Am I overreacting? After all, it's just a monitor and keyboard. On the other hand, they are vital parts of my setup that has now been pushed back a day because I need to get new equipment tomorrow. (Easter Sunday...this should be fun)

How would you react? I can tell you, this show hasn't been the greatest of experiences since the beginning and I will probably never work at this school again.


----------



## LavaASU (Apr 19, 2014)

Assuming this was a K-12 school, I would have immediately reported the keyboard to school officials. They typically have the right to search students belongings, and a keyboard is not that easy to hide (a going into the ball game type bag search would find it). The stolen monitor also sounds like it could be a kid.


----------



## MNicolai (Apr 19, 2014)

Monitors are cheap. So are keyboards. Embrace this as a teachable moment and be relieved nothing of real value was taken (i.e. something that, without it, would cripple or kill your business), especially nothing that is irreplaceable.

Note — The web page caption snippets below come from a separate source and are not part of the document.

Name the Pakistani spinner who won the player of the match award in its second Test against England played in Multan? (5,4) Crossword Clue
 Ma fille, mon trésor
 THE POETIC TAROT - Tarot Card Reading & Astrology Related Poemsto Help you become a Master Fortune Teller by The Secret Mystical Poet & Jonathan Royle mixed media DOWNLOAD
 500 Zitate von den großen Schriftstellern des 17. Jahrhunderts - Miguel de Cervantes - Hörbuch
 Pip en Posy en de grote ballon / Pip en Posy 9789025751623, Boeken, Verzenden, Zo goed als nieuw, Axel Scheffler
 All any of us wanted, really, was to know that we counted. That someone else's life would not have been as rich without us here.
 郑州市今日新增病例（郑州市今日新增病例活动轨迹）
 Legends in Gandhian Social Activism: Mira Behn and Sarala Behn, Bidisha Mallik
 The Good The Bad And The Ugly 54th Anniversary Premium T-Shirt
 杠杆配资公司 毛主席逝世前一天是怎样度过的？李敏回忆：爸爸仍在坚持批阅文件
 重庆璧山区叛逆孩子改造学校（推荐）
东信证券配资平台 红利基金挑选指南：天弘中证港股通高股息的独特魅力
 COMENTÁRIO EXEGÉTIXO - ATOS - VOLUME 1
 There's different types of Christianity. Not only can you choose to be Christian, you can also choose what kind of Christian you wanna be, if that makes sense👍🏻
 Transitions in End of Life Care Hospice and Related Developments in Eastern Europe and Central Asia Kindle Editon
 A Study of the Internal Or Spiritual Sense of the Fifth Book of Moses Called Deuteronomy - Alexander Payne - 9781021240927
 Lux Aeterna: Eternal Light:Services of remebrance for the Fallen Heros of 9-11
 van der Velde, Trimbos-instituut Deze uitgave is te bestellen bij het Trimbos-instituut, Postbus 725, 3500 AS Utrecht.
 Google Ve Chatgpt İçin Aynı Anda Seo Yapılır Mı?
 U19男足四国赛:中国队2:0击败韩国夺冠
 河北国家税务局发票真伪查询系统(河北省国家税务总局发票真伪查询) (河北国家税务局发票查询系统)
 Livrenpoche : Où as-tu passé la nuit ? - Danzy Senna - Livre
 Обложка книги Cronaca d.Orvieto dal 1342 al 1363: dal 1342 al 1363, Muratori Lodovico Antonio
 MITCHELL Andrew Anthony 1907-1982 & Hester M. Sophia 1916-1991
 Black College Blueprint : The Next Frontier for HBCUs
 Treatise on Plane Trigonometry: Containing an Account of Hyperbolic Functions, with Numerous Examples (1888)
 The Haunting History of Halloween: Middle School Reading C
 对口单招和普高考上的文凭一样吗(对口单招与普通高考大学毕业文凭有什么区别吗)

It sucks, it really does, but it's a scuff on your shoe compared to some of the theft that happens in our industry. Some thieves will go so far as to boost entire tractor trailers with hundreds of thousands of dollars (millions?) of equipment on-board.


----------



## josh88 (Apr 19, 2014)

I learned this lesson with some of my tools early on, I was lucky that I was some c wrenches and a couple other things that added up to a bit less than 100. I was a college student then. Now I don't leave my stuff unattended in outside spaces and if I have to I find a place to lock up all the important bits. All my stuff is labeled with initials or some kind of identifying mark because I'm still poor and paranoid, but I haven't had anything else go walking since then. So I guess it has paid off (knock on wood). I agree that if this is a school they should be made aware and some searches could be made. Even if you can't buy new ones tomorrow there are plenty of places you could borrow a monitor and keyboard to get you through the gig. 


Via tapatalk


----------



## Timothy A. Samuelson (Apr 21, 2014)

Thanks for the responses everyone! After posting yesterday, I went to bed and slept a good 13 hours. Grabbed a new keyboard and monitor on my way to the job. (Thank God for Walmart)
Got everything squared away and started tech rehearsals for opening night on Thursday. Definitely a teaching moment for me!


----------



## gafftaper (Apr 23, 2014)

The monitor got stolen out of an unlocked vehicle. Lame, but it happens. 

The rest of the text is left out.